12.10.10
a colcha indiana
A colcha indiana tem elefantes e deuses de pernas cruzadas. A colcha indiana é feita de bocados de pano, unidos com linha da mesma cor (e eu pergunto o que se pergunta quando se olha para coisas feitas à mão: quem os terá unido?). Ao centro, a colcha indiana tem dois pavões e mais acima dois papagaios. Estão todos no mesmo arbusto, dentro do mesmo bocado de pano. Esse bocado é só deles e talvez isso justifique o quão indiferentes estão ao elefante que está de pernas para o ar no bocado ao lado (mas eu também não conheço a Índia e talvez não seja tão raro assim os elefantes andarem de pernas para o ar).

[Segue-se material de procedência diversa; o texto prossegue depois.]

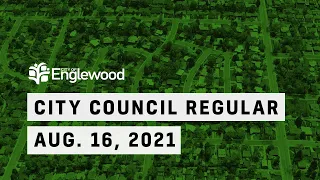 City Council Regular - 16 Aug 2021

O elefante é verde escuro (esse em particular, porque a colcha tem mais elefantes, a Índia não é só surpresa) muito diferente das vacas ou do homem que toca flauta para as vacas ou das nuvens por detrás dos deuses, paradas pelo som da flauta do homem que toca flauta para as vacas. A colcha indiana tem pedacinhos de espelho, que nunca nos deixam esquecer quem somos, e aposto que ainda lá tem as impressões das mãos que a coseram, não sei, em Goa, em Bombaim, na fronteira pasquistanesa, sei lá, ou do outro lado, em Calcutá. A colcha indiana nunca está só, mesmo quando a casa onde está se fecha e a parede onde está escurece, a colcha indiana nunca está só. Por exemplo, agora tem-me a mim a olhar para ela.